Warnings/Precautions

Ensure correct prescribing, preparing, and administering to avoid dosing errors. Risk of acute liver failure (may result in liver transplant or death) associated with the use of doses higher than recommended or involving >1 acetaminophen-containing product. Alcoholism. Discontinue if signs/symptoms of liver disease develop, or if systemic manifestations occur. Hepatic or renal impairment: not recommended. Dehydration. Hypovolemia. Hyperkalemia. Advanced renal disease. Correct volume status prior to initiation. Risk for renal papillary necrosis, other renal injury with long-term NSAIDs therapy. Increased risk for serious cardiovascular events (including MI, stroke). Avoid in recent MI, severe heart failure; if necessary, monitor. Increased risk for serious GI adverse events (including inflammation, bleeding, ulceration, perforation). History of peptic ulcer disease and/or GI bleeding. Coagulation disorders. Hypertension; monitor BP closely. Preexisting asthma. May mask signs of infection or fever. Discontinue at 1st sign of rash or any other hypersensitivity. Monitor CBCs, blood chemistry, hepatic, renal, and ocular function as clinically necessary. Elderly. Debilitated. Labor & delivery. May be associated with a reversible delay in ovulation in females of reproductive potential. Pregnancy (avoid during ≥30 weeks gestation): increased risk of premature closure of the fetal ductus arteriosus; (20–30 weeks gestation): may cause fetal renal dysfunction/oligohydramnios; if treatment needed, limit dose and duration of use. Nursing mothers.

Combogesic Iv Pharmacokinetics

Distribution

Apparent volume of distribution: ~0.9 L/kg (acetaminophen).

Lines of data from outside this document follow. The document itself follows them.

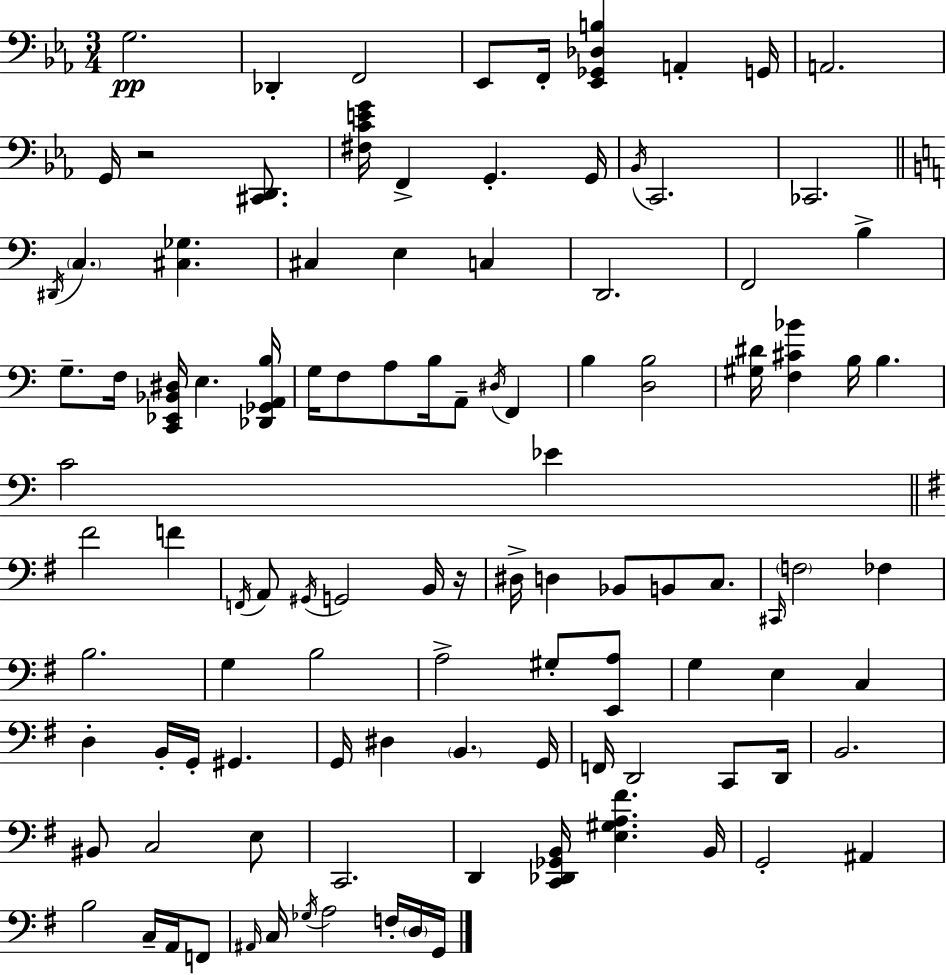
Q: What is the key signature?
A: C minor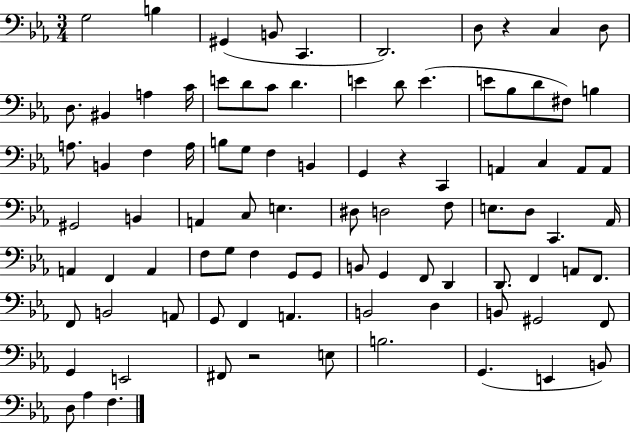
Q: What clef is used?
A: bass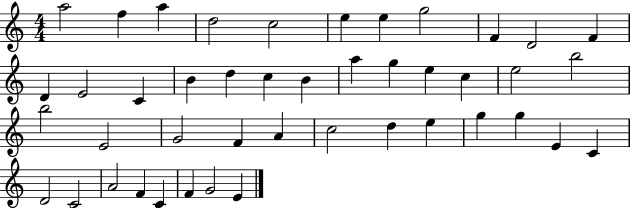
A5/h F5/q A5/q D5/h C5/h E5/q E5/q G5/h F4/q D4/h F4/q D4/q E4/h C4/q B4/q D5/q C5/q B4/q A5/q G5/q E5/q C5/q E5/h B5/h B5/h E4/h G4/h F4/q A4/q C5/h D5/q E5/q G5/q G5/q E4/q C4/q D4/h C4/h A4/h F4/q C4/q F4/q G4/h E4/q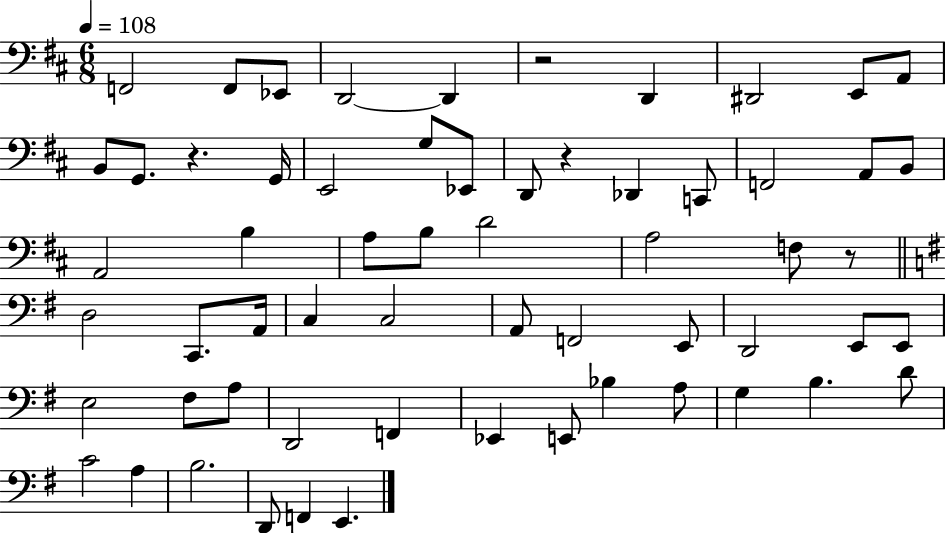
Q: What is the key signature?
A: D major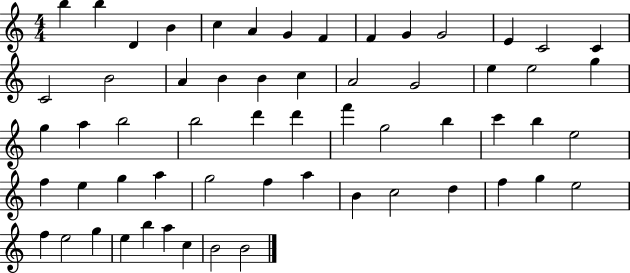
B5/q B5/q D4/q B4/q C5/q A4/q G4/q F4/q F4/q G4/q G4/h E4/q C4/h C4/q C4/h B4/h A4/q B4/q B4/q C5/q A4/h G4/h E5/q E5/h G5/q G5/q A5/q B5/h B5/h D6/q D6/q F6/q G5/h B5/q C6/q B5/q E5/h F5/q E5/q G5/q A5/q G5/h F5/q A5/q B4/q C5/h D5/q F5/q G5/q E5/h F5/q E5/h G5/q E5/q B5/q A5/q C5/q B4/h B4/h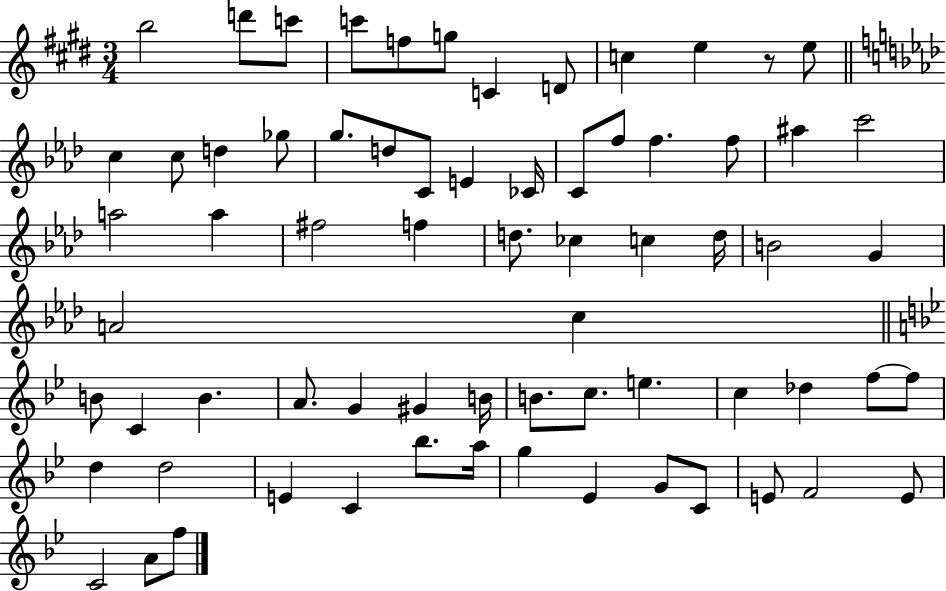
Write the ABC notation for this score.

X:1
T:Untitled
M:3/4
L:1/4
K:E
b2 d'/2 c'/2 c'/2 f/2 g/2 C D/2 c e z/2 e/2 c c/2 d _g/2 g/2 d/2 C/2 E _C/4 C/2 f/2 f f/2 ^a c'2 a2 a ^f2 f d/2 _c c d/4 B2 G A2 c B/2 C B A/2 G ^G B/4 B/2 c/2 e c _d f/2 f/2 d d2 E C _b/2 a/4 g _E G/2 C/2 E/2 F2 E/2 C2 A/2 f/2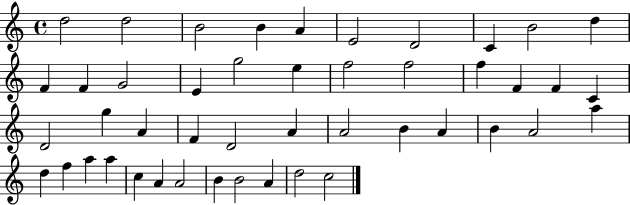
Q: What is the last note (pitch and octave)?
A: C5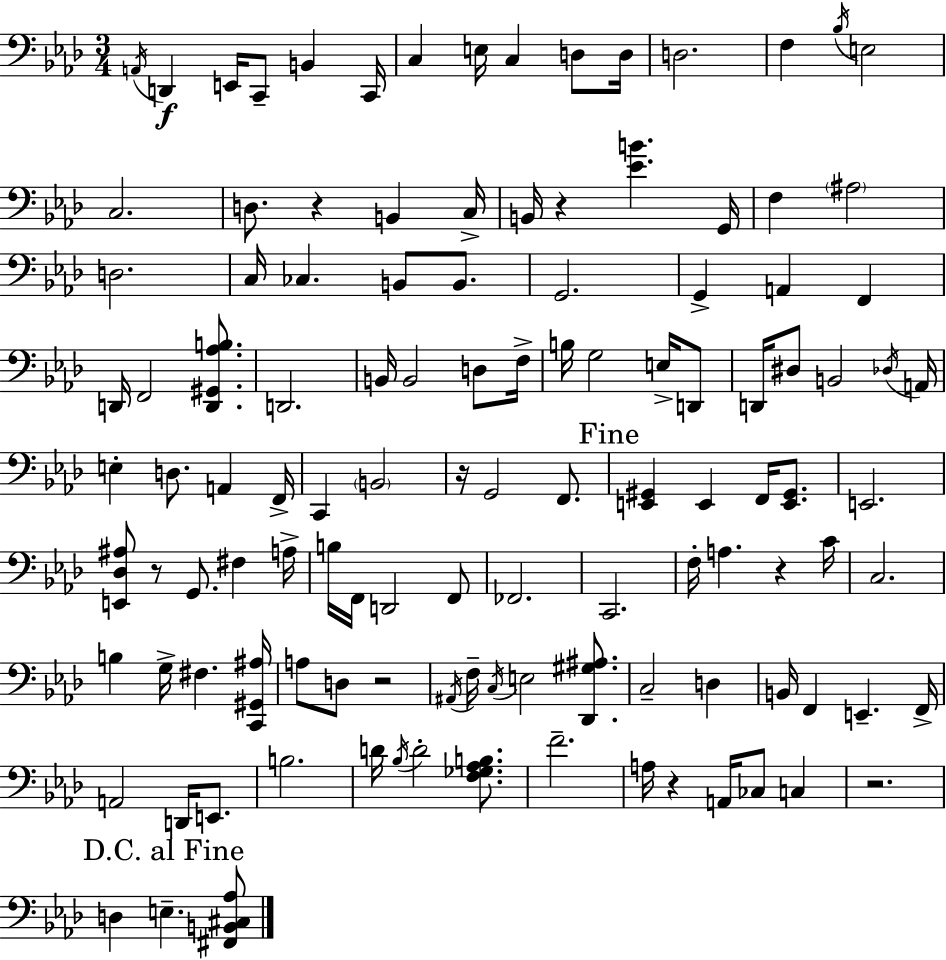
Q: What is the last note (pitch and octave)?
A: E3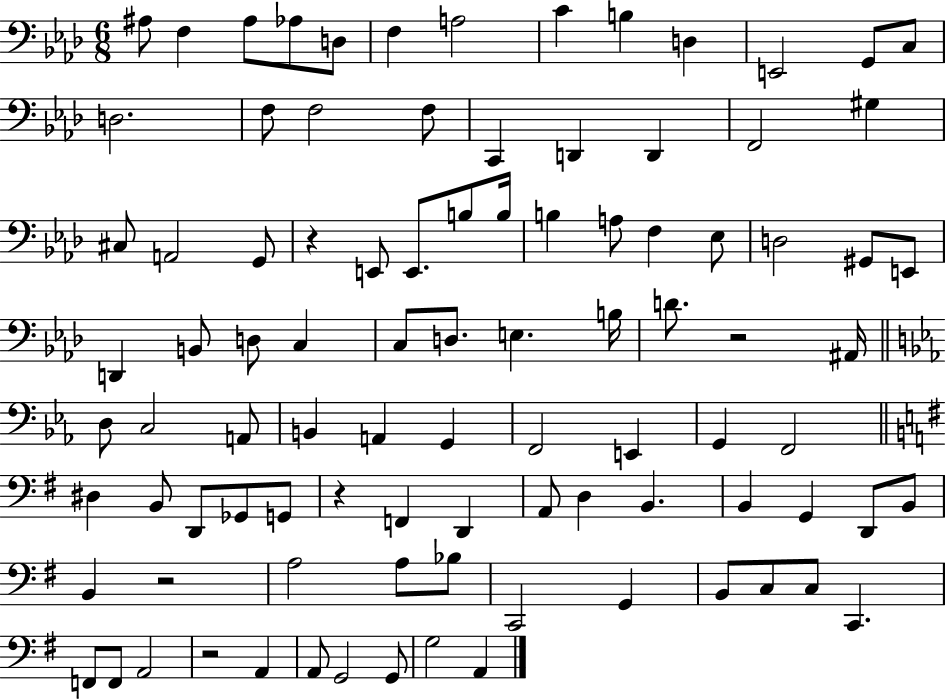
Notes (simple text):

A#3/e F3/q A#3/e Ab3/e D3/e F3/q A3/h C4/q B3/q D3/q E2/h G2/e C3/e D3/h. F3/e F3/h F3/e C2/q D2/q D2/q F2/h G#3/q C#3/e A2/h G2/e R/q E2/e E2/e. B3/e B3/s B3/q A3/e F3/q Eb3/e D3/h G#2/e E2/e D2/q B2/e D3/e C3/q C3/e D3/e. E3/q. B3/s D4/e. R/h A#2/s D3/e C3/h A2/e B2/q A2/q G2/q F2/h E2/q G2/q F2/h D#3/q B2/e D2/e Gb2/e G2/e R/q F2/q D2/q A2/e D3/q B2/q. B2/q G2/q D2/e B2/e B2/q R/h A3/h A3/e Bb3/e C2/h G2/q B2/e C3/e C3/e C2/q. F2/e F2/e A2/h R/h A2/q A2/e G2/h G2/e G3/h A2/q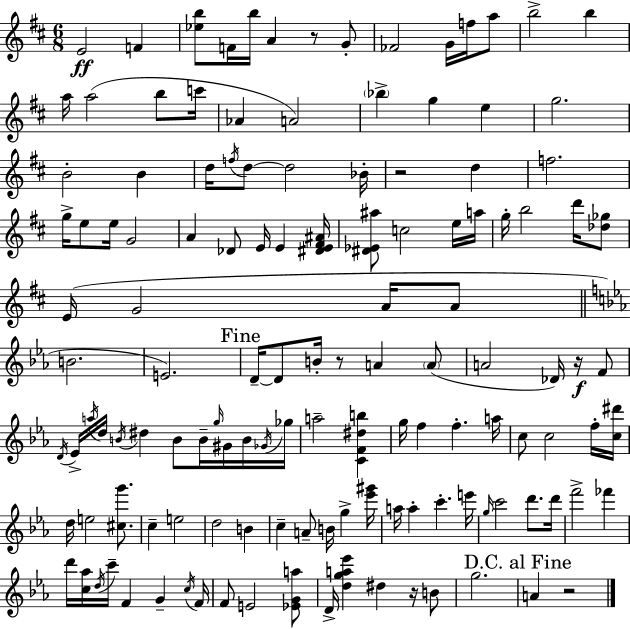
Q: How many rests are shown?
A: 6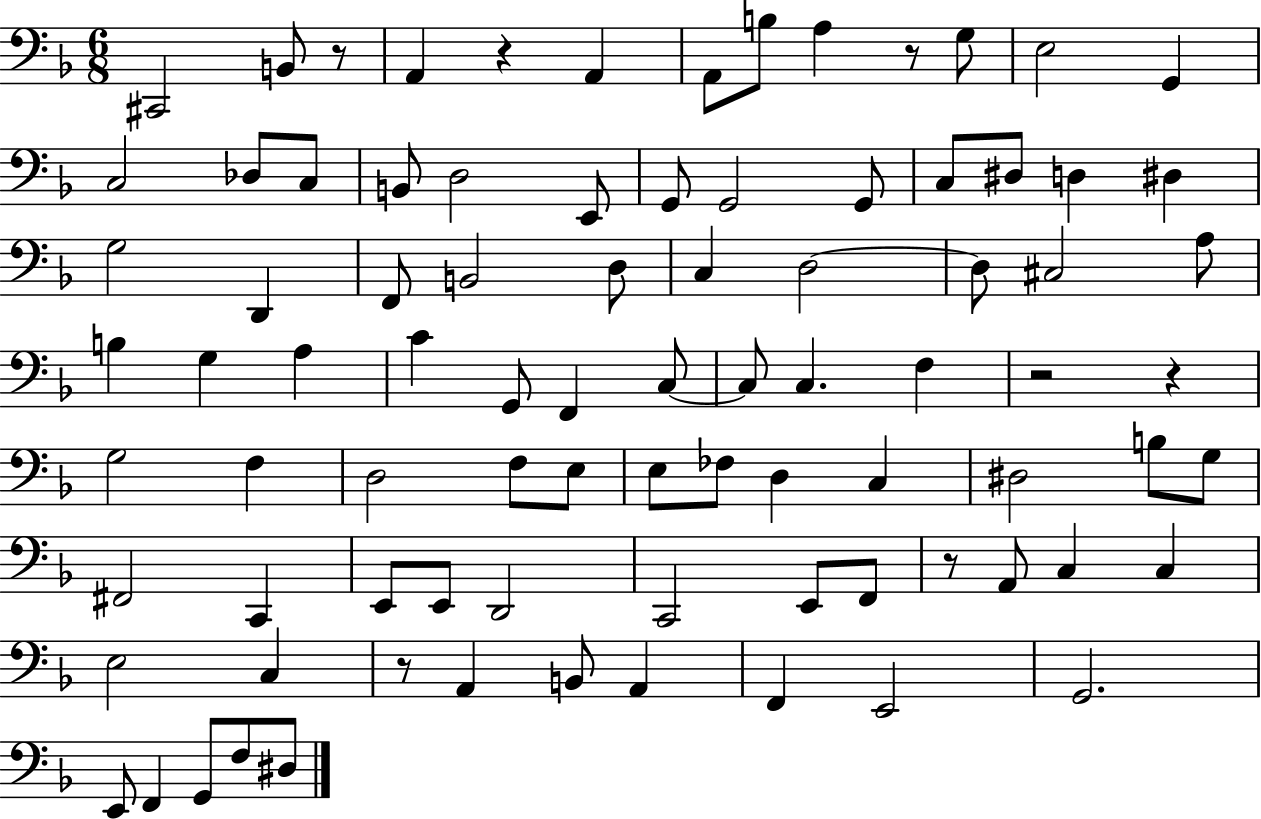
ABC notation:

X:1
T:Untitled
M:6/8
L:1/4
K:F
^C,,2 B,,/2 z/2 A,, z A,, A,,/2 B,/2 A, z/2 G,/2 E,2 G,, C,2 _D,/2 C,/2 B,,/2 D,2 E,,/2 G,,/2 G,,2 G,,/2 C,/2 ^D,/2 D, ^D, G,2 D,, F,,/2 B,,2 D,/2 C, D,2 D,/2 ^C,2 A,/2 B, G, A, C G,,/2 F,, C,/2 C,/2 C, F, z2 z G,2 F, D,2 F,/2 E,/2 E,/2 _F,/2 D, C, ^D,2 B,/2 G,/2 ^F,,2 C,, E,,/2 E,,/2 D,,2 C,,2 E,,/2 F,,/2 z/2 A,,/2 C, C, E,2 C, z/2 A,, B,,/2 A,, F,, E,,2 G,,2 E,,/2 F,, G,,/2 F,/2 ^D,/2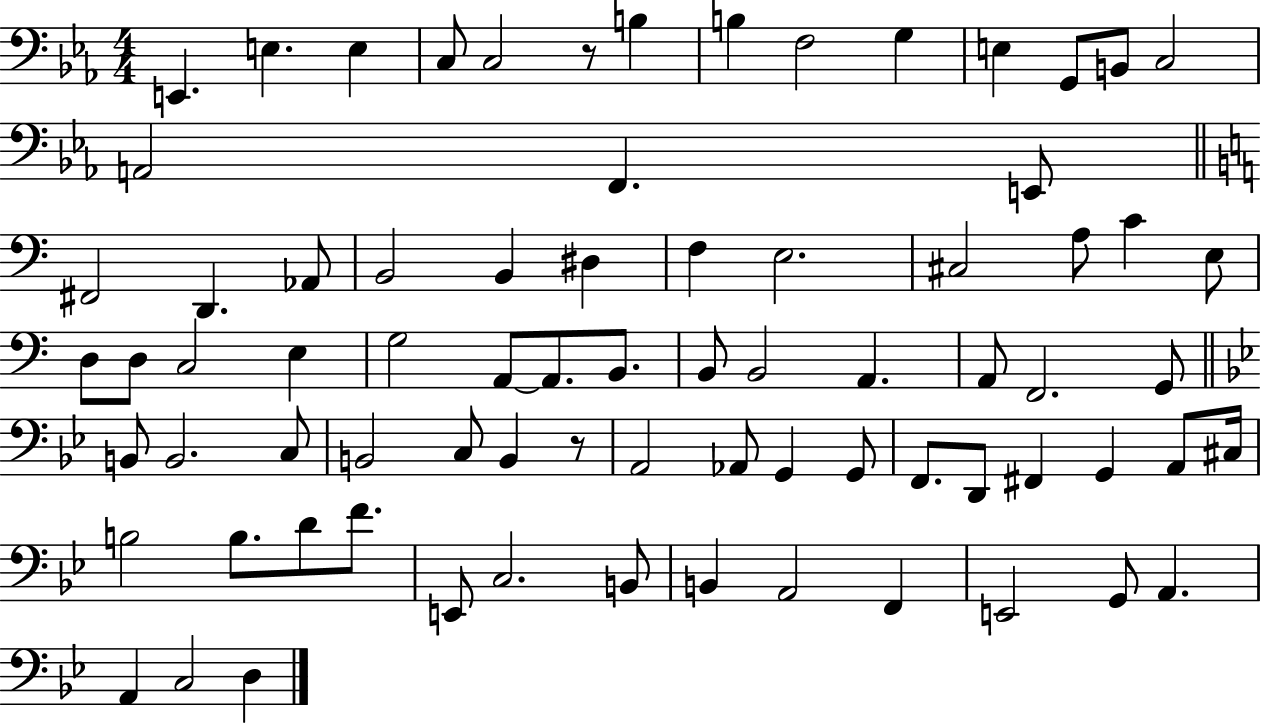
{
  \clef bass
  \numericTimeSignature
  \time 4/4
  \key ees \major
  \repeat volta 2 { e,4. e4. e4 | c8 c2 r8 b4 | b4 f2 g4 | e4 g,8 b,8 c2 | \break a,2 f,4. e,8 | \bar "||" \break \key c \major fis,2 d,4. aes,8 | b,2 b,4 dis4 | f4 e2. | cis2 a8 c'4 e8 | \break d8 d8 c2 e4 | g2 a,8~~ a,8. b,8. | b,8 b,2 a,4. | a,8 f,2. g,8 | \break \bar "||" \break \key bes \major b,8 b,2. c8 | b,2 c8 b,4 r8 | a,2 aes,8 g,4 g,8 | f,8. d,8 fis,4 g,4 a,8 cis16 | \break b2 b8. d'8 f'8. | e,8 c2. b,8 | b,4 a,2 f,4 | e,2 g,8 a,4. | \break a,4 c2 d4 | } \bar "|."
}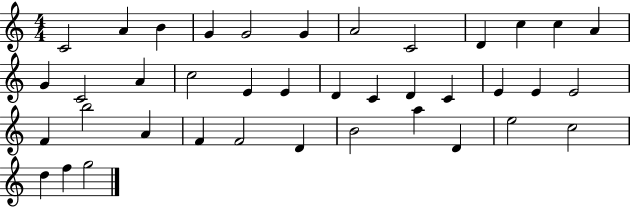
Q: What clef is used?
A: treble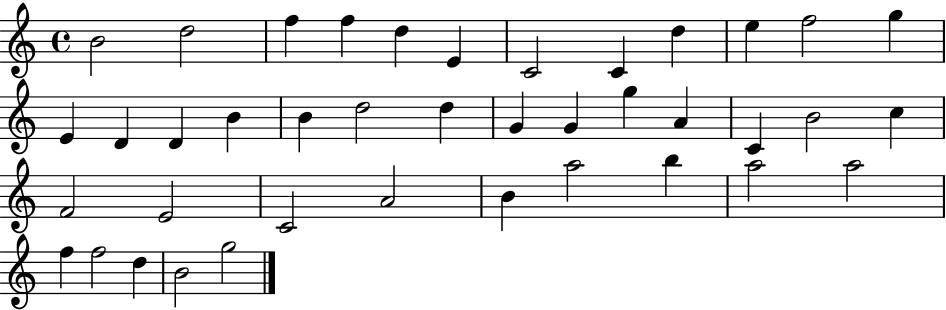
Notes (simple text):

B4/h D5/h F5/q F5/q D5/q E4/q C4/h C4/q D5/q E5/q F5/h G5/q E4/q D4/q D4/q B4/q B4/q D5/h D5/q G4/q G4/q G5/q A4/q C4/q B4/h C5/q F4/h E4/h C4/h A4/h B4/q A5/h B5/q A5/h A5/h F5/q F5/h D5/q B4/h G5/h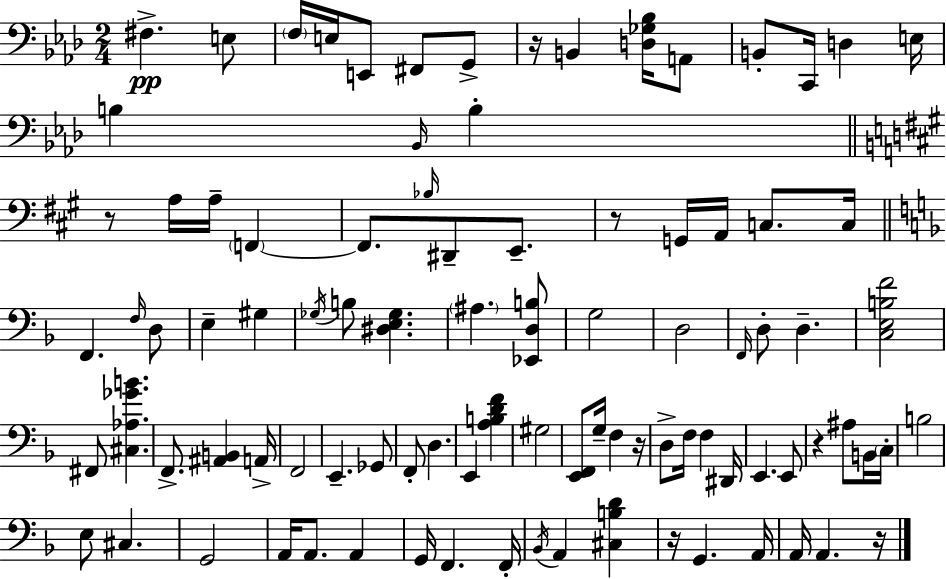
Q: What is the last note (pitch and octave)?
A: A2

Plasma protein bound: ~20% (acetaminophen).

Metabolism

Hepatic. 

Elimination

Renal. Half-life: 2–3 hours (acetaminophen); 1.8–2.0 hours (ibuprofen).

Combogesic Iv Interactions

Interactions

Concomitant aspirin, salicylates (eg, diflunisal, salsalate), other NSAIDs: not recommended. Increased risk of GI bleed with anticoagulants, antiplatelets, oral corticosteroids, SSRIs, SNRIs, smoking, alcohol, or prolonged NSAID therapy; monitor. May antagonize, or increase risk of renal failure with diuretics (eg, loop or thiazides), ACE inhibitors, ARBs, or β-blockers; monitor closely. Potentiates digoxin; monitor levels. May potentiate lithium, methotrexate, cyclosporine; monitor for toxicity. Concomitant with pemetrexed may increase risk of pemetrexed-associated myelosuppression, renal, and GI toxicity. 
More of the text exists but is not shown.